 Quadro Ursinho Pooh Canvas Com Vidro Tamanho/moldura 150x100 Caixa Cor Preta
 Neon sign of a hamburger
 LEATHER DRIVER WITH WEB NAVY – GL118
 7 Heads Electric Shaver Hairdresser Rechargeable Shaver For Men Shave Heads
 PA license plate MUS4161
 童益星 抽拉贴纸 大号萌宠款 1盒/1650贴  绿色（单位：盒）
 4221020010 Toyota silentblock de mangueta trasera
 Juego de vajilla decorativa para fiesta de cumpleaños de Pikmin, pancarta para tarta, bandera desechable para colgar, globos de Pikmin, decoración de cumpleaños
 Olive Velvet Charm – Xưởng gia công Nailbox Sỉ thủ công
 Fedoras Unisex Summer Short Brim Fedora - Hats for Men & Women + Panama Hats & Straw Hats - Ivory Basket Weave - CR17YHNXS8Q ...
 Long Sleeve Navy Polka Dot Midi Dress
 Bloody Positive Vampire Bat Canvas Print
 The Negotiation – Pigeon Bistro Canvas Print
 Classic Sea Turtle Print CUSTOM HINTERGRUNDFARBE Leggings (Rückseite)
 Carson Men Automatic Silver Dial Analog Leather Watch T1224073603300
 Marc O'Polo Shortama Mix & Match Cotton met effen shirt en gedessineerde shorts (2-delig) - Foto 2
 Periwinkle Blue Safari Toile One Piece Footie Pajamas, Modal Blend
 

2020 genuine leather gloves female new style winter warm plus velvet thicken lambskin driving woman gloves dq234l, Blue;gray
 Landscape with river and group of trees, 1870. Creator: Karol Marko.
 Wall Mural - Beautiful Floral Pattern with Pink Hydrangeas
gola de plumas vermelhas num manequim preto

▬▬▬▬▬▬▬▬▬▬

From the listing above, return the lines starting at the one with "Neon sign of a hamburger" and ending at the one with "The Negotiation – Pigeon Bistro Canvas Print", both kept, exactly as they appear and nothing more.

 Neon sign of a hamburger
 LEATHER DRIVER WITH WEB NAVY – GL118
 7 Heads Electric Shaver Hairdresser Rechargeable Shaver For Men Shave Heads
 PA license plate MUS4161
 童益星 抽拉贴纸 大号萌宠款 1盒/1650贴  绿色（单位：盒）
 4221020010 Toyota silentblock de mangueta trasera
 Juego de vajilla decorativa para fiesta de cumpleaños de Pikmin, pancarta para tarta, bandera desechable para colgar, globos de Pikmin, decoración de cumpleaños
 Olive Velvet Charm – Xưởng gia công Nailbox Sỉ thủ công
 Fedoras Unisex Summer Short Brim Fedora - Hats for Men & Women + Panama Hats & Straw Hats - Ivory Basket Weave - CR17YHNXS8Q ...
 Long Sleeve Navy Polka Dot Midi Dress
 Bloody Positive Vampire Bat Canvas Print
 The Negotiation – Pigeon Bistro Canvas Print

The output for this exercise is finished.